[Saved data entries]

::::

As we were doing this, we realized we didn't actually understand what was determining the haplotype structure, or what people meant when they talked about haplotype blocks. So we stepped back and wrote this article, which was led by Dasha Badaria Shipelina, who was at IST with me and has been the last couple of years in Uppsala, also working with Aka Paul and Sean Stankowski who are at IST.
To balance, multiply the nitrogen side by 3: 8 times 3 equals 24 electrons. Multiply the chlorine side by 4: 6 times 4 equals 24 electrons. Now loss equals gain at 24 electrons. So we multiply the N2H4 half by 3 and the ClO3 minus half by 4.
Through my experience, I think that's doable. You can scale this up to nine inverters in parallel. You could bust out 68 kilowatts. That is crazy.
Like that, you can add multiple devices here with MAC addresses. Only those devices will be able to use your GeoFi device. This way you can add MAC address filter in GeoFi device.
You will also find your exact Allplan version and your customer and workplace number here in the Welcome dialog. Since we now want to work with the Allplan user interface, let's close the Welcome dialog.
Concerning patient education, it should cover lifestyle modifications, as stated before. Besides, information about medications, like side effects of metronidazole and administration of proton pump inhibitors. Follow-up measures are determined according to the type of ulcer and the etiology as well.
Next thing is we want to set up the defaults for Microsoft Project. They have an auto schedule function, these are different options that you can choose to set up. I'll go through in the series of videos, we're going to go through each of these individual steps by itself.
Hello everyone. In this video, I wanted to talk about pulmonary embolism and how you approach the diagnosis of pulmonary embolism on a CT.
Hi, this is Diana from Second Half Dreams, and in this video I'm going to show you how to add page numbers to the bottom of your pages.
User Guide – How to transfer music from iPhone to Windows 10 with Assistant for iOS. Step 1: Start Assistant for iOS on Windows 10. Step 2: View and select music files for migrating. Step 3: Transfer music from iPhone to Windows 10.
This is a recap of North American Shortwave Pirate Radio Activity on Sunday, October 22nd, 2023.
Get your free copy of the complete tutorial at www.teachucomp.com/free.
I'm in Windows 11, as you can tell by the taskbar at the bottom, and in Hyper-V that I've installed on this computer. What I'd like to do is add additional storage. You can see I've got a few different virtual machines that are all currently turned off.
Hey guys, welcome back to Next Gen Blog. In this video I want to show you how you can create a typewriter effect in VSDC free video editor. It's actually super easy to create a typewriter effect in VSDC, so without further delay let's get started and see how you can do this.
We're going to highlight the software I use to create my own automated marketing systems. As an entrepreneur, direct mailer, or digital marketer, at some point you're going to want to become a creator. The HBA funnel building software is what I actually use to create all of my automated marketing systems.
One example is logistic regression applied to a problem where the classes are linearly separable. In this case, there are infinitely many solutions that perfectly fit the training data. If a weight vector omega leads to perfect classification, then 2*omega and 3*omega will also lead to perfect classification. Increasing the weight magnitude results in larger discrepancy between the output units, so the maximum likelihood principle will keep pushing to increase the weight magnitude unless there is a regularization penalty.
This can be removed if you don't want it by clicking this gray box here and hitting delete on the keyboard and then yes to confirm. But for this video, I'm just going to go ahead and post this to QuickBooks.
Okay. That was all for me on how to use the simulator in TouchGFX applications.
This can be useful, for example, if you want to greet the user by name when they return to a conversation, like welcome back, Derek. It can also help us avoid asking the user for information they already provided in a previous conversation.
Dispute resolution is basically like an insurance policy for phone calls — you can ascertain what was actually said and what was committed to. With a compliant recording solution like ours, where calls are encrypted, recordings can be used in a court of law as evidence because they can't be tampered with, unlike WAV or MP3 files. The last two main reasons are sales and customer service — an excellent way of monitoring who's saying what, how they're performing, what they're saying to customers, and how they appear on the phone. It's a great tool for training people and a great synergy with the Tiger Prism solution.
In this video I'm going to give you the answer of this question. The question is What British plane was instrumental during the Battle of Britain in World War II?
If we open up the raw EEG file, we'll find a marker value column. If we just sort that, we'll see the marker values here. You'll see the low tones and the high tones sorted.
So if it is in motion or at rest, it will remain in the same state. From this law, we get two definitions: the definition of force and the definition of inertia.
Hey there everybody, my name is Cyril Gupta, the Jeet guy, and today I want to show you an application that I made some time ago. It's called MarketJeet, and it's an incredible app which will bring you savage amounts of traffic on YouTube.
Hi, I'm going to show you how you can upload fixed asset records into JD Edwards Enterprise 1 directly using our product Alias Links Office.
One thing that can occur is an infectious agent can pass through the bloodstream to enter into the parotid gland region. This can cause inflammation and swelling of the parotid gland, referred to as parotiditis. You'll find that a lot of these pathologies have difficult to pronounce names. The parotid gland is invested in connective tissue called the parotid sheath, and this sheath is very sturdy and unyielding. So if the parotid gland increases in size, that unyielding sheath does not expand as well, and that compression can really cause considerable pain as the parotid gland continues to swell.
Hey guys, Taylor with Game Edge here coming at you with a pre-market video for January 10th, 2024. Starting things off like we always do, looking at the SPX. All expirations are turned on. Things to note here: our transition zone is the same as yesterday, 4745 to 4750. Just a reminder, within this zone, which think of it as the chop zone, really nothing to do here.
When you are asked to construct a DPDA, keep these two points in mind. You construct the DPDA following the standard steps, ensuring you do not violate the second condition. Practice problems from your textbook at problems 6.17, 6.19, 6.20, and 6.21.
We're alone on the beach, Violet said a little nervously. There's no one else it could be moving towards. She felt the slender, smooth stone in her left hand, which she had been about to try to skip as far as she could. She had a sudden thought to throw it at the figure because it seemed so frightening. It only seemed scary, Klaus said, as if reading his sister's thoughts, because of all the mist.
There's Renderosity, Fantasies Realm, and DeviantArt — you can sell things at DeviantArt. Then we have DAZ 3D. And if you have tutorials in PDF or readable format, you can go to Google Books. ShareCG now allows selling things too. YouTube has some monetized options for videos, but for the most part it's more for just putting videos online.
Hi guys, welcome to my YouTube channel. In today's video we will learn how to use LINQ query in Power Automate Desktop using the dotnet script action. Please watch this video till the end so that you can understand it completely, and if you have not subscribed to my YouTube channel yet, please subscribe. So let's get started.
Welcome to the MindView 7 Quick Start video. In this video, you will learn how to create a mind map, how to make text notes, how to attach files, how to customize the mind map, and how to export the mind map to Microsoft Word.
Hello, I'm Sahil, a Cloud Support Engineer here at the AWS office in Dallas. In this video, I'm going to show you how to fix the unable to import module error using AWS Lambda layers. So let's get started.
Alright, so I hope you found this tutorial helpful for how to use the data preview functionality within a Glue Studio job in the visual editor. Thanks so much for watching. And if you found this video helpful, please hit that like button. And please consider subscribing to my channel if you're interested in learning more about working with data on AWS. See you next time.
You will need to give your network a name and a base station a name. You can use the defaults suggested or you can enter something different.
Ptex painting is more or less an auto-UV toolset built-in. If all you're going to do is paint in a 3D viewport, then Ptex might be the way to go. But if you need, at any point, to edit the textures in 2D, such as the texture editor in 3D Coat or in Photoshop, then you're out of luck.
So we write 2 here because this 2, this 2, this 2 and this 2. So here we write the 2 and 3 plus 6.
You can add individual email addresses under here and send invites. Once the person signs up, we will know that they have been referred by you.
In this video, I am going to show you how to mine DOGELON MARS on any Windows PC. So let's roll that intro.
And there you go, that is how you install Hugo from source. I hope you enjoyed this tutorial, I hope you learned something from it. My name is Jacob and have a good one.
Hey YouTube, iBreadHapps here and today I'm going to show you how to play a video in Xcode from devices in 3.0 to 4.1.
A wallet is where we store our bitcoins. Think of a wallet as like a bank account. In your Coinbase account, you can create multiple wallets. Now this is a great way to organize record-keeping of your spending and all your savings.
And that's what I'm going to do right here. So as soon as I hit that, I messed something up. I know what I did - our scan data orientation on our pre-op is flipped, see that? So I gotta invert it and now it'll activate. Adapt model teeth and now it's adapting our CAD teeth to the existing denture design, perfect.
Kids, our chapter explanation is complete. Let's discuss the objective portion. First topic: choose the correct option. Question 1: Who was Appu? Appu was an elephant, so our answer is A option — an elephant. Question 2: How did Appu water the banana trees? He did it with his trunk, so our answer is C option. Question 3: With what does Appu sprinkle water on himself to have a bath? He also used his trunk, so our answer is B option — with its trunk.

::::

Copy range, inclusive: the line holding "This is a recap" to the line holding "This can be useful, for". Reproduce exactly those lines of the records above and no others.

This is a recap of North American Shortwave Pirate Radio Activity on Sunday, October 22nd, 2023.
Get your free copy of the complete tutorial at www.teachucomp.com/free.
I'm in Windows 11, as you can tell by the taskbar at the bottom, and in Hyper-V that I've installed on this computer. What I'd like to do is add additional storage. You can see I've got a few different virtual machines that are all currently turned off.
Hey guys, welcome back to Next Gen Blog. In this video I want to show you how you can create a typewriter effect in VSDC free video editor. It's actually super easy to create a typewriter effect in VSDC, so without further delay let's get started and see how you can do this.
We're going to highlight the software I use to create my own automated marketing systems. As an entrepreneur, direct mailer, or digital marketer, at some point you're going to want to become a creator. The HBA funnel building software is what I actually use to create all of my automated marketing systems.
One example is logistic regression applied to a problem where the classes are linearly separable. In this case, there are infinitely many solutions that perfectly fit the training data. If a weight vector omega leads to perfect classification, then 2*omega and 3*omega will also lead to perfect classification. Increasing the weight magnitude results in larger discrepancy between the output units, so the maximum likelihood principle will keep pushing to increase the weight magnitude unless there is a regularization penalty.
This can be removed if you don't want it by clicking this gray box here and hitting delete on the keyboard and then yes to confirm. But for this video, I'm just going to go ahead and post this to QuickBooks.
Okay. That was all for me on how to use the simulator in TouchGFX applications.
This can be useful, for example, if you want to greet the user by name when they return to a conversation, like welcome back, Derek. It can also help us avoid asking the user for information they already provided in a previous conversation.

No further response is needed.